僕がそのまま道路の上で寝込んでいると、直義(ただよし)がやってきた。


「兄貴大丈夫か!?」


お前が登子ちゃんに命令したんじゃないか……。


そんなこと思いつつも、僕は答えた。


「大丈夫……。ちょっと誰かにやられたけど、なんかとか退散させたよ」


この嘘には理由がある。


登子ちゃんは、僕たちを事件のどさくさに紛れ襲うために、源氏嫌いの長崎円喜(ながさき えんき)が送った刺客。


だから、このまま、仲良くホテルに帰ったら、円喜さんに逆らったことがバレる。


しかも、円喜さんは実質的な幕府の統率者。


円喜さんに逆らうというのは、幕府、つまり、この国に逆らうことになるのだ。


登子ちゃんの立場を考えて、直義は、極秘に僕のホテルへの帰省を彼女に託した。


少々強引なやり方だけど、そうでもしなければ僕が止まらないと直義は思ったのだろう……。

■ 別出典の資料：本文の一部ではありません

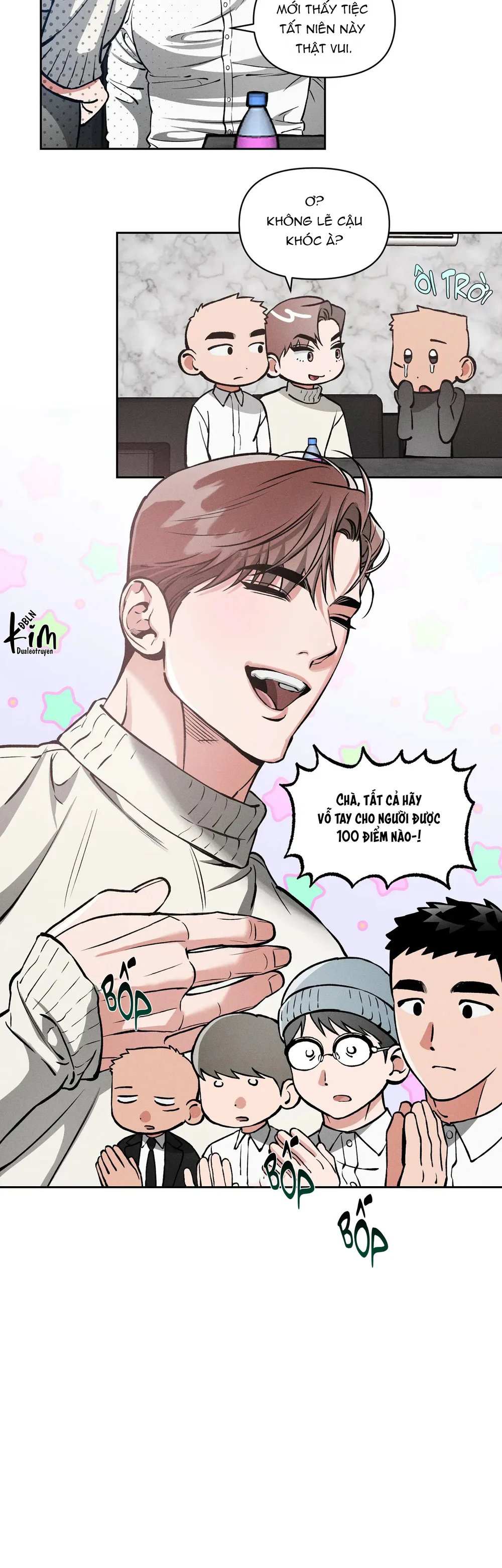 CẨN THẬN TRĂNG TRÒN THÁNG 3 ĐẤY Chapter 95 Trang 26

たしかにその通りだ。


直義には、僕を襲ったのが登子ちゃんだと分からなかった……ということにしておこう。


僕は鈍感でありたい……何も知りたくない。


二人が協力していたことも……。


登子ちゃんが僕を殺しに来ていたことも……。


でも、いつかは知らなければいけないことだ。


義務や使命に、僕の感情など、全く必要ないのだ。


「とりあえず、体が痛いから、ホテルに戻るよ……。ごめんな。勝手なことして……」


「俺だって、兄ちゃんが人質になったら、そうしてたと思う。気持ちは分かるよ。でも、間違った判断だと思う。後は俺達に任せてくれよ……」


俺……「達」?


ちゃんと両目を開いて直義を見てみると、直義の後ろにガンランスと盾が置いてあった。


さらに後ろには、(つるぎ)を持った義貞(よしさだ)と……。


「お久しぶりです。高氏(たかうじ)さん」


「あ……一親(かずちか)さん……。なんでここに?」


「直義さんから『すぐに俺達のヴァサラを持ってきてくれ』と連絡がありまして」


なるほどな……。直義と義貞のことだ。僕と同じくらい居てもたってもいられなかったんだろう。


よく見ると、一親さんも自分の銃を持っている。


「で、お前はどうするんだぁ? 高氏ぃ」


何かを楽しみにしているように、義貞が聞いてくる。


分かってるくせに……。


僕は軽く義貞を睨む。


「こうして寝ている場合じゃない……よねっと」


僕は立ち上がってズボンについたホコリを払う。


「僕も行っていいかな? 直義?」


さっき「任せてくれ」と言った直義に許可を得なければ、僕は黙ってホテルに戻るだけだ。


ため息をついてから直義が言う。


「ごほん……。別にいいよ。兄貴一人じゃ心配だけど、俺達がついてるしね」


「ありがとう……」


さてと……。


僕は拳を握る。



もう、「あいつ」に飲まれたりはしない。



そう誓った。


▷▷▷▷


(あれ?)


兄の髪の毛に砂がついていたことに気づいた直義は、その砂をとる。


それを見つめて彼は思った。


(これは……砂羅(さら)?)


砂羅とは、ヴァサラの主原料であり、この砂のおかげで、ヴァサラ遺伝子とヴァサラ粒子の通信が行われやすくなるのだ。


それ以外にも、強度が高いことから、コンクリートの代わりに使われたりする。


(なんでこんなのが髪の毛に?)


そう疑問を持つ直義の後ろでは、不自然に削られた、電柱が倒れていた。


そうまるで「その部分が消えてしまったように」削られた電柱が、だ。